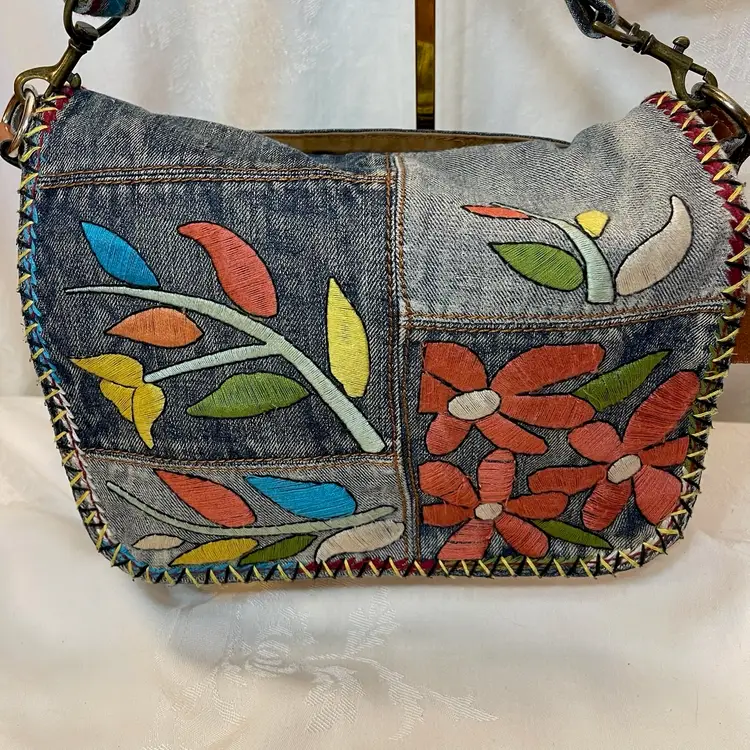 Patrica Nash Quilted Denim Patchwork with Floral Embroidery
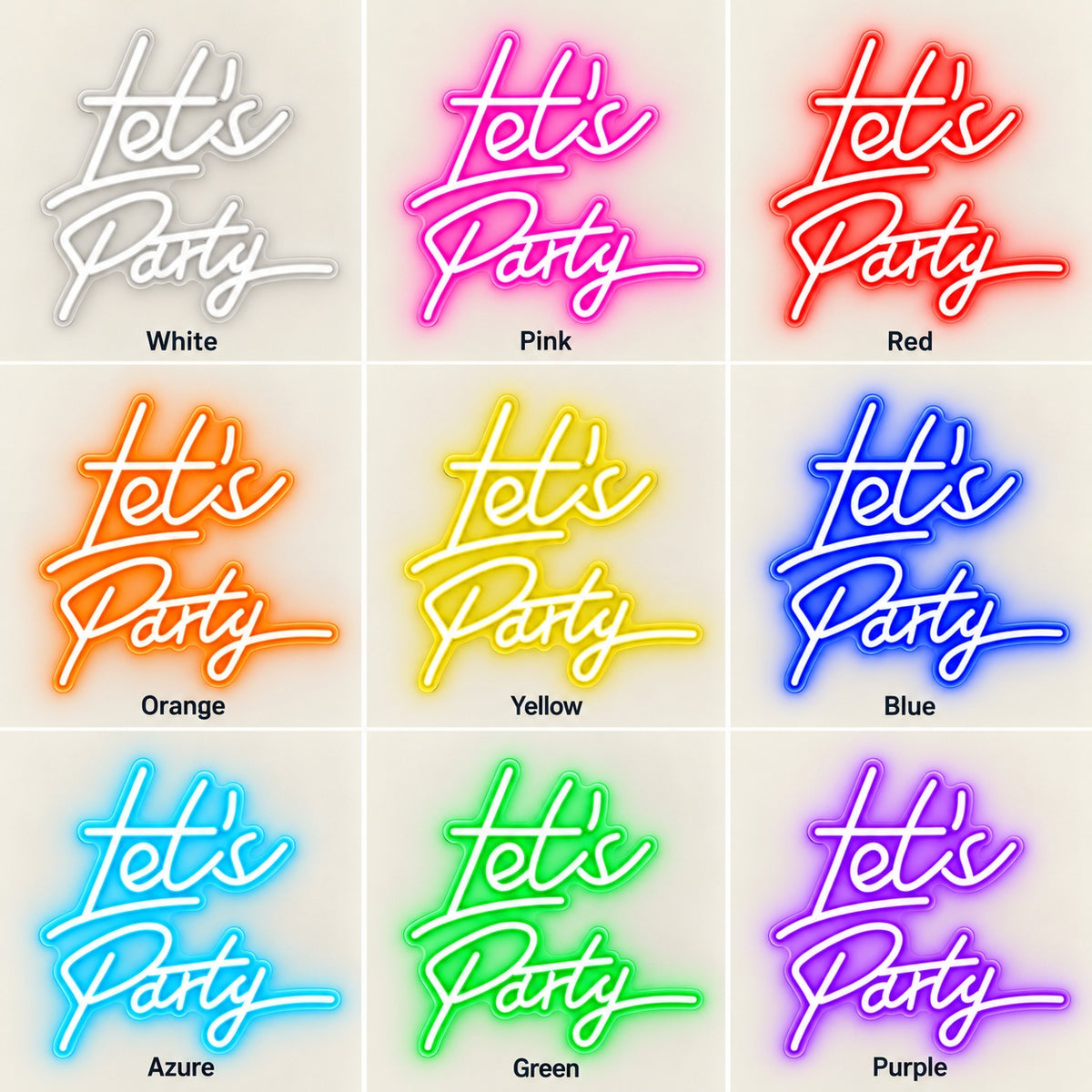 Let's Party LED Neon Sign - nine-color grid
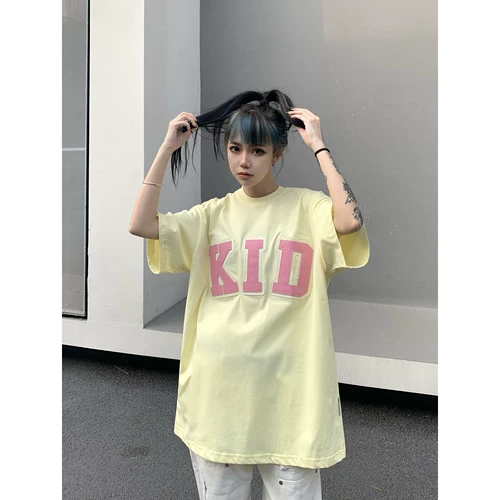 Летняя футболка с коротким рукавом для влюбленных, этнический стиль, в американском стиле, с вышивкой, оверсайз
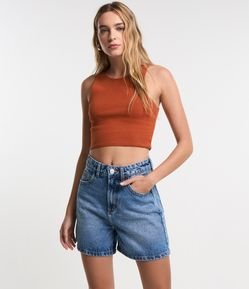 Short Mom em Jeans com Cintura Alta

## Exercise brief
Print each line of the listing exactly and include no pictures.

## Task answer
 Patrica Nash Quilted Denim Patchwork with Floral Embroidery
 Let's Party LED Neon Sign - nine-color grid
 Летняя футболка с коротким рукавом для влюбленных, этнический стиль, в американском стиле, с вышивкой, оверсайз
 Short Mom em Jeans com Cintura Alta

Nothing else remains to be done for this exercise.